More than four in five teens—81 percent—said they believed their teachers were motivated to help them learn, compared with 19 percent who believe their teachers are unmotivated, according to a survey conducted by the EdWeek Research Center.
In fact, more than one in three students—37 percent—said their teachers are “very motivated” to teach them. Just 6 percent said they are very unmotivated, according to the survey, which included 1,011 teenagers and was conducted in late December and early January.
Teachers’ efforts aren’t lost on their colleagues, principals, and district leaders, either. A similar percentage of teachers, principals, and district leaders—80 percent—who responded to a separate EdWeek Research Center survey, also conducted in December and January, said that they and other teachers in their school are motivated to help students learn. In fact, 41 percent of educators said that teachers in general are “very motivated” to teach right now.

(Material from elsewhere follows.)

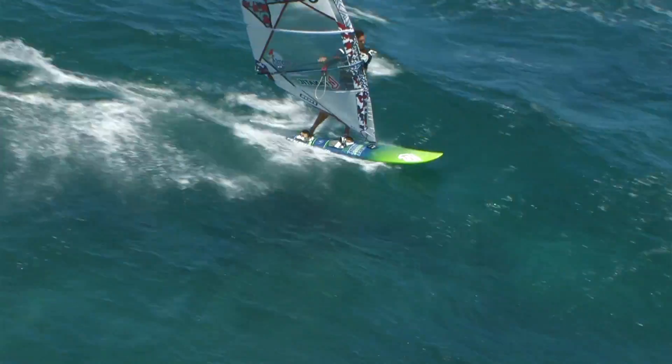I'm here with the Fnatic shaper Sebastian Wenzel. We've also got our World Cup wave riders Klaas and Victor. What we're going to do is have a little bit more of an in-depth look at the free wave range. Sebastian, tell me a little bit about its history.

“There’s no doubt that this has been an extremely difficult time for students, for teachers, for parents,” said Susan Moore Johnson, a research professor at the Harvard Graduate School of Education who studies the teaching profession. “But I still know that kids count on their teachers. I think they have very high expectations of their teachers. I think that that figure of 81 percent is pretty impressive given what [educators] have been through.”